Dawnie Walton: Oh, oh no.

Deesha Philyaw: So, in the church that’s called following the letter of the law, but not the spirit of the law. So, I was thinking about that, I was thinking about how women, especially older women who haven’t gotten married might handle this. And that’s when I got the idea of these two women who get their needs met with each other, but they have their code, which is, we’re only going to do this once a year. And then in Eula’s case, she’s going to pray about it, that’s for forgiveness.

Dawnie Walton: In the shower with the shower cap on.

Deesha Philyaw: Exactly. And then reset until the next time. And, of course, who doesn’t love a good “Same Time Next Year” kind of story? You know?

Dawnie Walton: Oh, amazing. So, we’ve talked before about how the first story in a collection sort of sets the table for the entire collection in terms of giving the reader a taste of what’s to come and letting them decide, are you going to rock with this or not?

And I think “Eula” serve that purpose. It’s one of the stories that kind of lays out these ideas about the hypocrisies of the church and quirks of the church. And I’m curious, so for the real-life church ladies, who’ve read this book because I know there have been some. There have been some Book Clubs and all that.

Deesha Philyaw: Oh, yeah.

Dawnie Walton: Is this the story that you get the most scandalized feedback about? Or how does that work?
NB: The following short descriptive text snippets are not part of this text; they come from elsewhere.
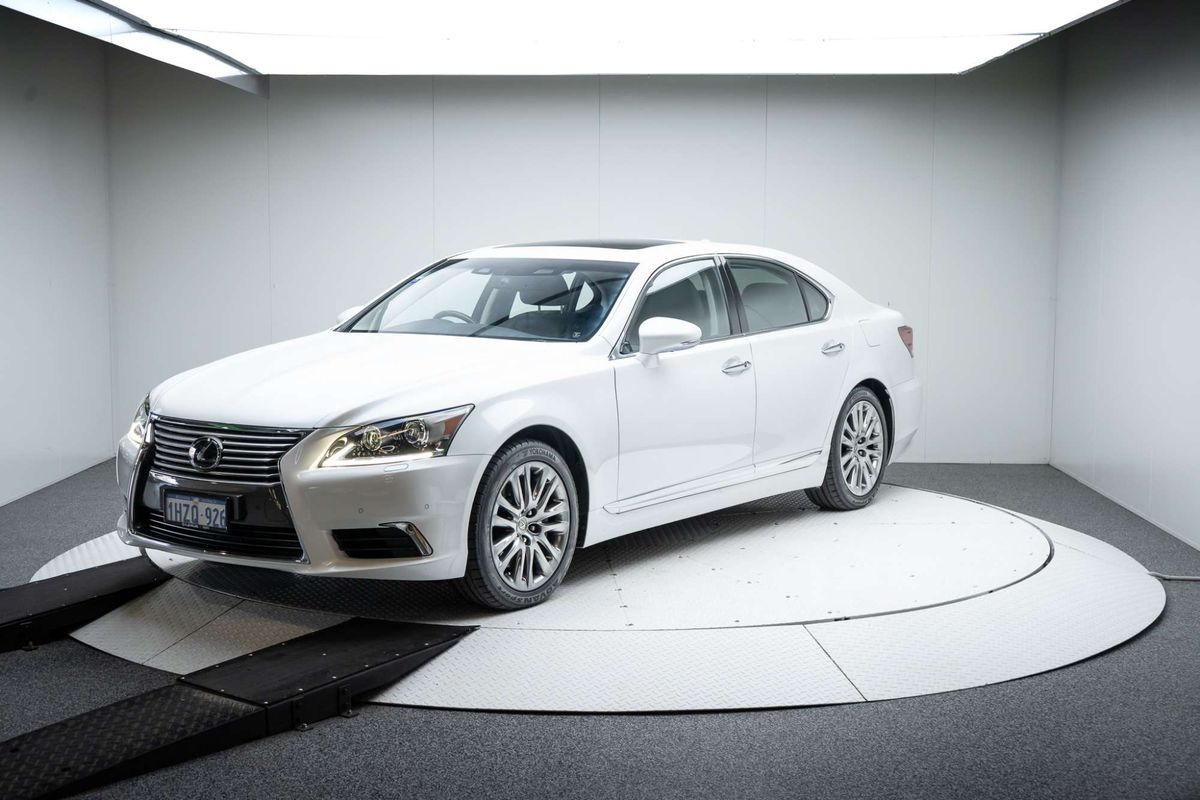 2017 Lexus LS LS460 Sports Luxury USF40R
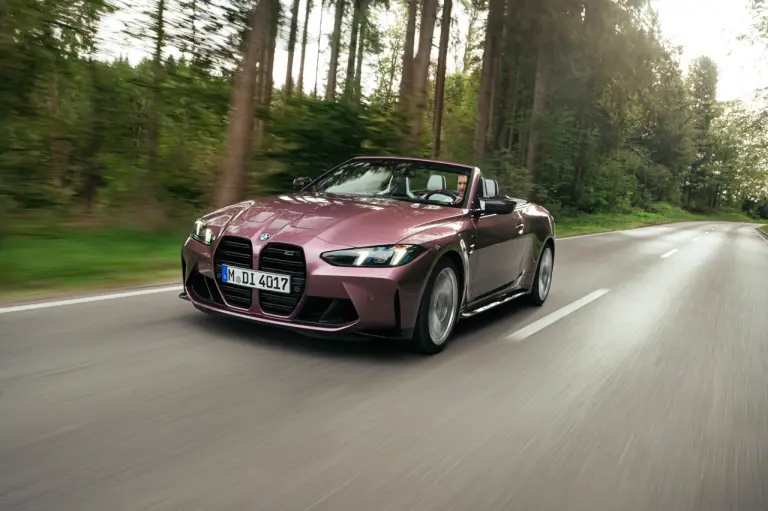 BMW Serie 4 2024 - Foto ufficiali - 38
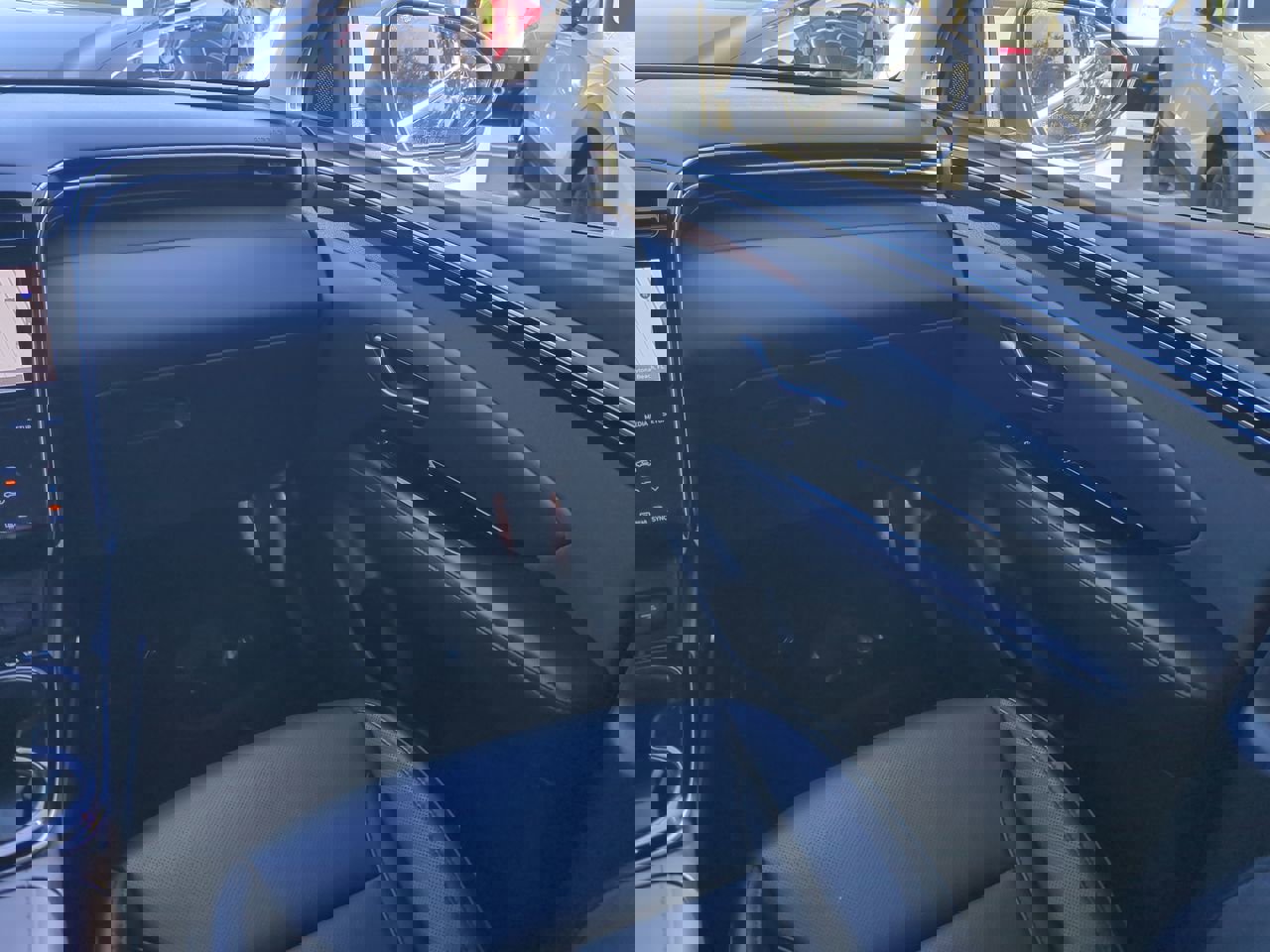 Used 2024 Hyundai Tucson Limited image 17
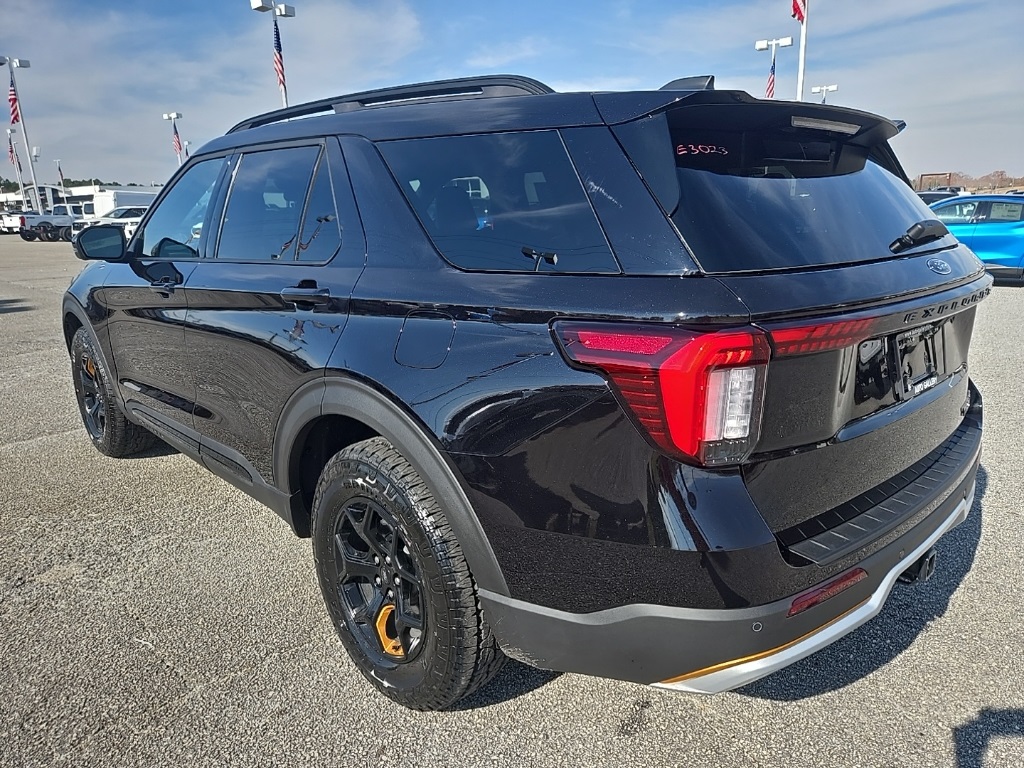2026 Ford Explorer photo 4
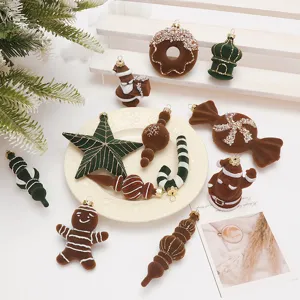 Ornements de sapin de noël floqués assortis, décorations suspendues en velours de formes diverses.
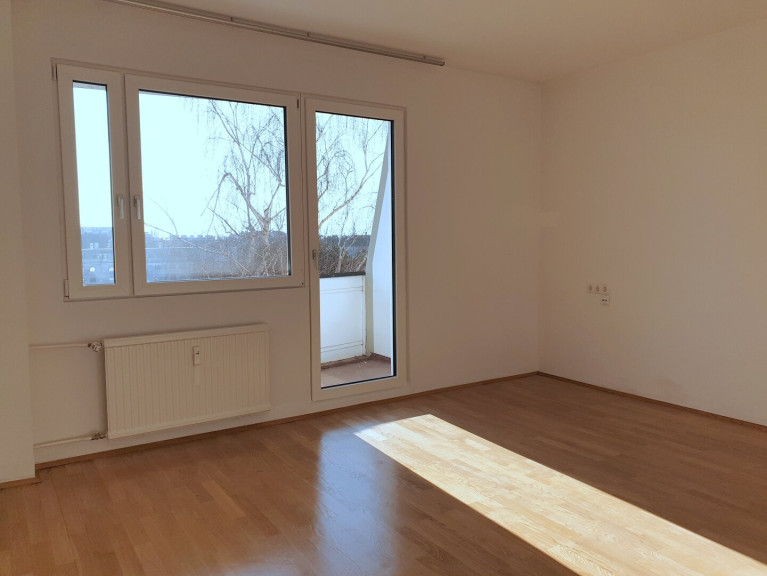 Wohnung - 1140, Wien - Sehr helle, schöne und ruhige Loggiawohnung im 3. Liftstock mit Ausblick in den Wienerwald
Deesha Philyaw: So, the people whom I hear from directly, they’re not typically scandalized. They are excited, like “What?! Okay, I’m in,” you know, strap in, let’s go. But what I’ve heard from more than one person, which I think is hilarious that multiple people have been doing this, is they will send this book to like their mother or their churchiest auntie and with no explanation, none.

Dawnie Walton: Huh?

Deesha Philyaw: So, the first thing they would read is “Eula,” and so then will text or call the person that gave them the book, usually another Black woman, and be like, “What is this?”

Dawnie Walton: “What you got me reading?”
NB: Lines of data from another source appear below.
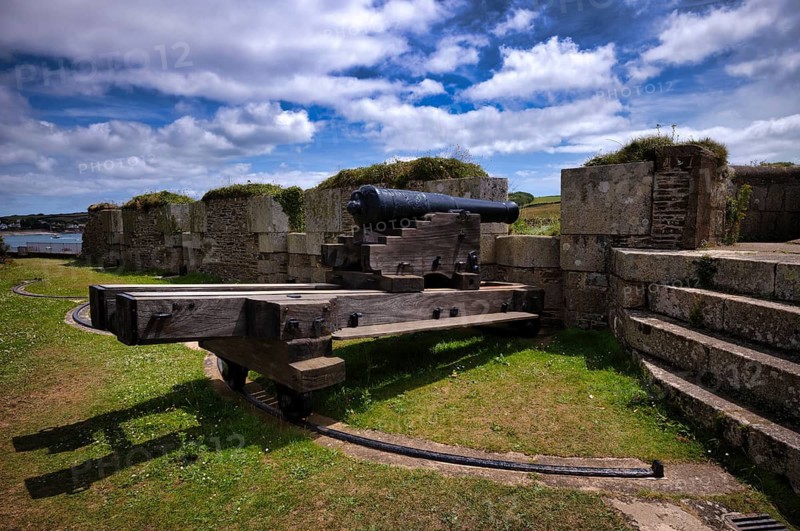 Battery, cannon on swivel gun, St Mawes, Cornwall, England, Great Britain, Great Britain
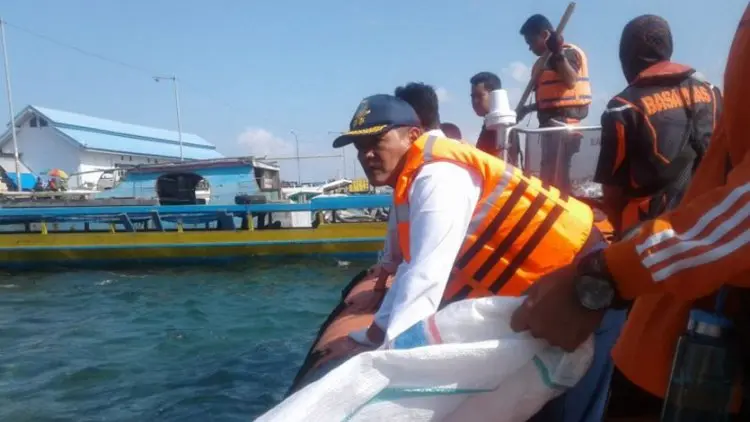 Basarnas Ikut Aksi Bersih Laut Dukung HUT Ke-74 TNI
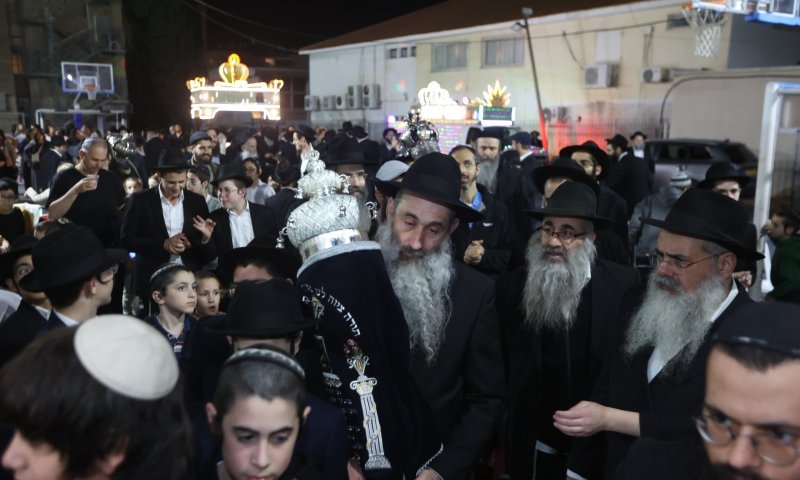 זוכה ההגרלה של יד לאחים בספר תורה הכניס אותו לעילוי נשמת בנו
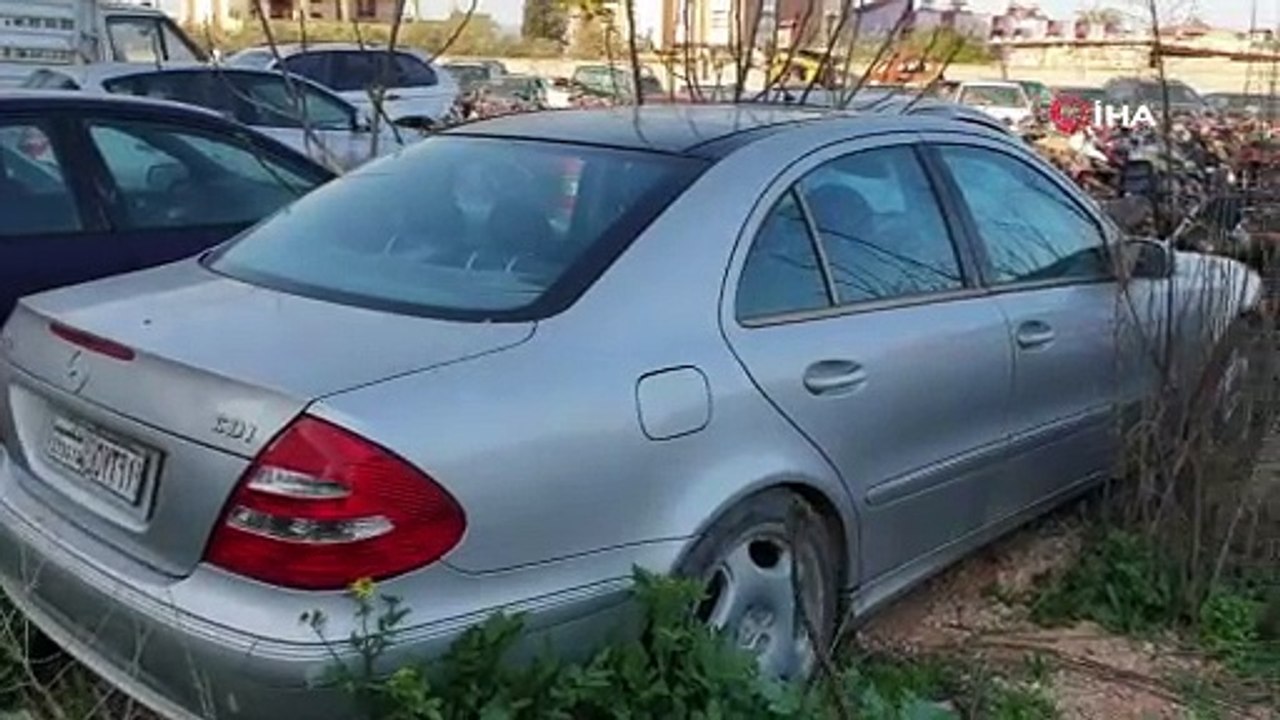 Avrupa'dan çalınan milyonluk lüks araçlar çürümeye terk edildi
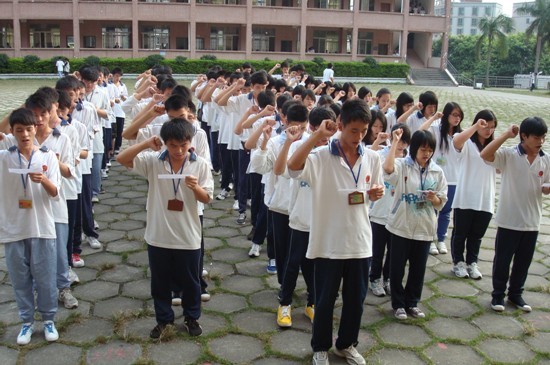 清新县凤霞中学开展十八岁成人宣誓仪式活动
Deesha Philyaw: Exactly! But they keep reading,

Dawnie Walton: Of course they do.

Deesha Philyaw: Which is, you know, that’s the thing. I mean, I’m sure there are some people who pick this book up, read “Eula” or started reading “Eula” and were like, “No, hell no.” But like mine, I have three aunts, and when I did an event with the Jacksonville Public Library like you did, they all came out and they got copies of the book and, we were in the parking lot and I said, “Listen, you guys are going to get home or at some point, you’re going to read that first story, do not call or text me. Text and call each other.” Just, I tried to warn them the way others have not. I think it should come for—if you give this book to a church lady, there should be a warning before they read “Eula.”

Dawnie Walton: Well, it’s all kind of meta, right? Because their secret is that they’re reading this very juicy book.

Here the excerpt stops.